In 2009, the Tea Party burst like a glorious firework in the American night sky and then disappeared.
Where did it go? It was co-opted both from the top and from the bottom of American society. Let’s Review!
The Tea Party movement is said by some to have been born out of a Call to Action issued on February 19, 2009 by a CNBC reporter, Rick Santelli. He called for a second American Tea Party on the floor of the Chicago Mercantile Exchange. The Tea Party can also be traced back further to ex-president Ronald Reagan’s declaration that “government is the problem.”
The picture shows a group of angry Tea Party activists marching on Washington in September of 2009.
At its core, the group started as people fed up with government spending, a group with fiscally conservative ideals who supported reductions in spending and smaller government.
They were largely Republican voters, due presumably to the Republican’s long-standing characterization of Democrats as being spendthrifts and ne’er-do-wells. In reality, both political parties are spendthrifts and ne’er-do-wells, they just like to toss our money down different rabbit holes.
It is obvious why the Tea Party wouldn’t feel comfortable aligning with the party committed to spending massively on social reform. The irony is that the Tea Party was aligned more with the party most solidly committed to maintaining the status quo.

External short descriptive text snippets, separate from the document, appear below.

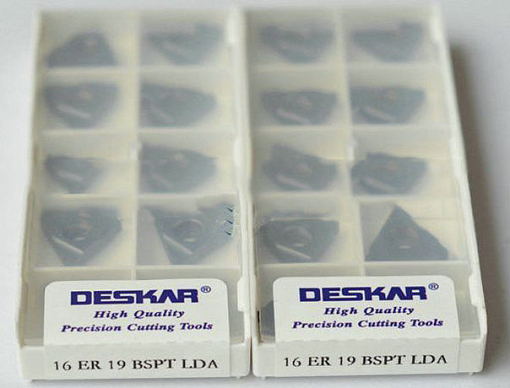 Фото 4 товара 16ER 19 BSPT LDA резьбовая пластина Deskar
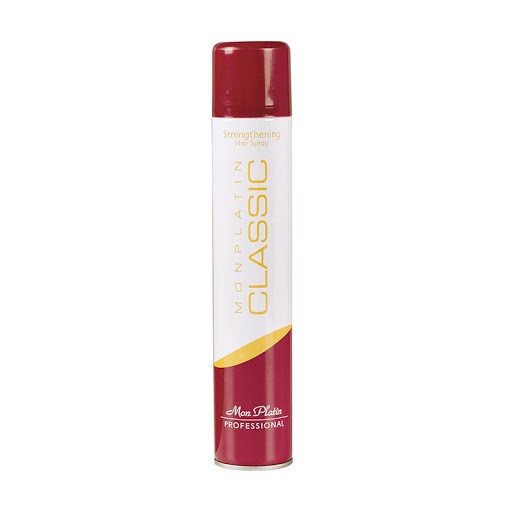 monplatin classic hair spray מון פלטין ספריי לעיצוב השיער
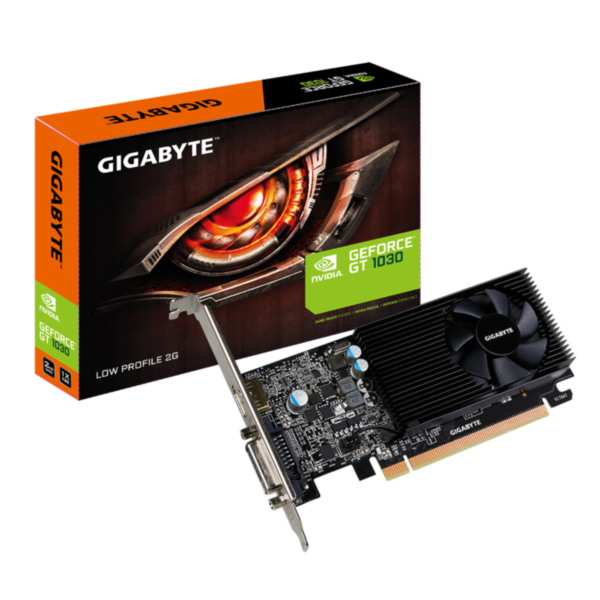 Grafična kartica GIGABYTE GeForce GT 1030, 2GB GDDR5, PCI-E 2.0 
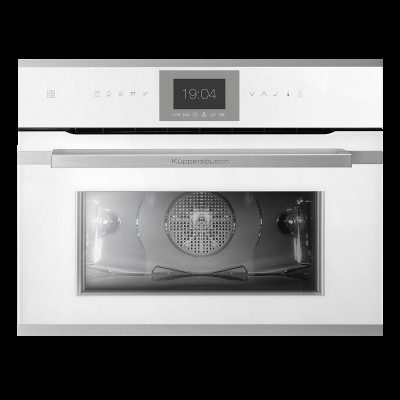 Компактный духовой шкаф с паром Kuppersbusch CBD 6550.0 W1 Stainless steel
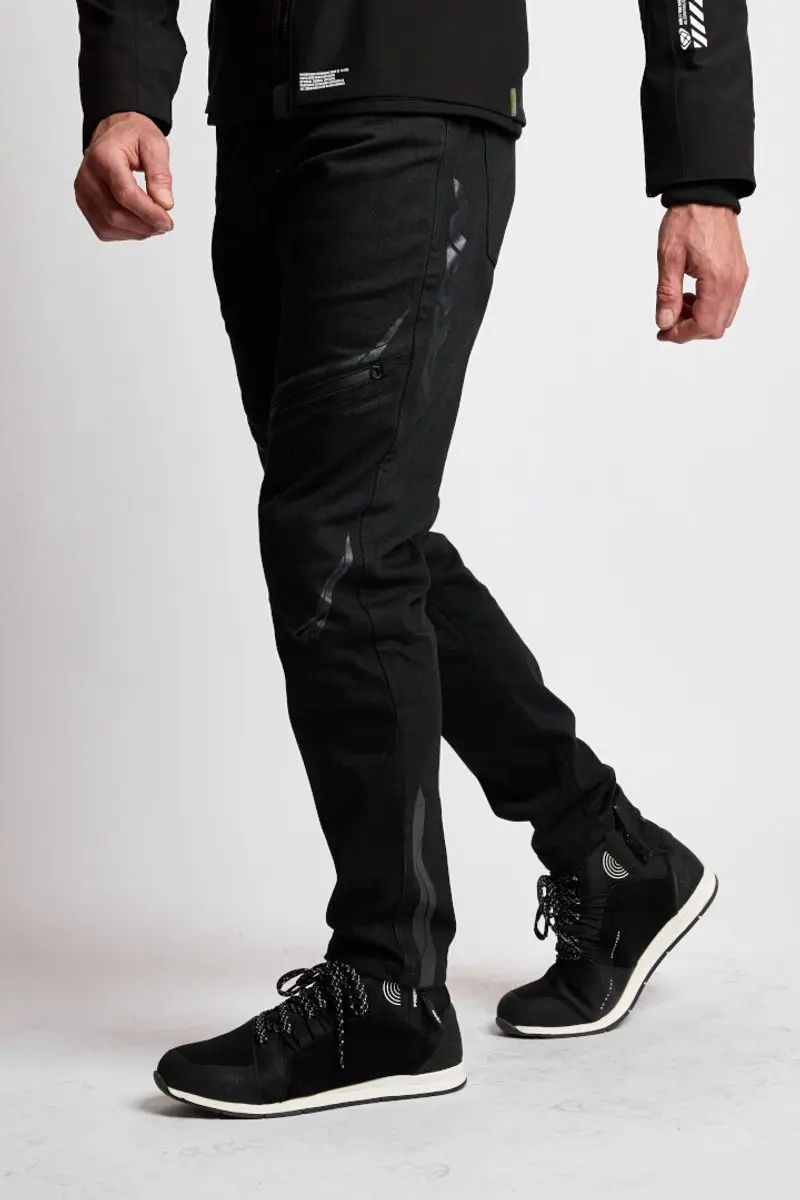 IXON Remy Motorjeans Zwart - Maat 40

People joined the Tea Party for some very good reasons, to bring American government’s spending habits back into the realm of sanity and to put some limitations on how completely Big Government controls our lives.
Who wouldn’t like to see some revolutionary spirit once again reanimating the current American political scene?
However, as I said, the Tea Party was co-opted from both the top and the bottom.
The Republican Party isn’t in favor of smaller government, though it may occasionally pay lip service to that ideal. The Republican Party encouraged and cajoled the Tea Party out of existence.
The other source of destruction came from the bottom. Angry individuals bent on putting a stop to any and all forms of social progress blended right in. You may see them today. They are the ones wearing the red MAGA hats. We don’t have to make America Great again. It’s already Great! We just need to make sure it continues to improve and get better. Make America Better (MAB)!
Proposed: Let’s resurrect the Tea Party, a third party committed to reduced government spending and reduced government control over the rights of its citizens. Let’s resurrect the Tea Party as it started out and not as it became before it disappeared.
Go ahead and play your tea and crumpets game. Look at that picture from 2009, they are dying off. Demography is destiny. Capitalism is crumbling under its contradictions. Socialism is inevitable. History is on our side. Sharing is caring. We are all in this together.
Leon: I agree with that last part. We are all in this together.
“…both political parties are spendthrifts…” One is worse.
“Social reform” is a nice way of saying rushing to totalitarianism, which the neomarxists call “intersectionality.”
No, it is not ironic that the Tea Party is with the GOP; one must stop the expansion–maintain status quo–before rolling it back. At this time, there are two electable parties. One is worse. Compare the parties’ votes on excessive spending during this Congress.
“… any and all forms of social progress…” No, hyper government is not progress. Don’t call them “progressives,” they are aggressive expansionists of political dictatorship.
The fastest way to slow, stop, and roll them back to vote in Republican primaries.
Richard: Is one so much worse, and the other, so much better that we should tear the country apart with the four-year King of the Hill battle that we currently suffer through? I don’t think so!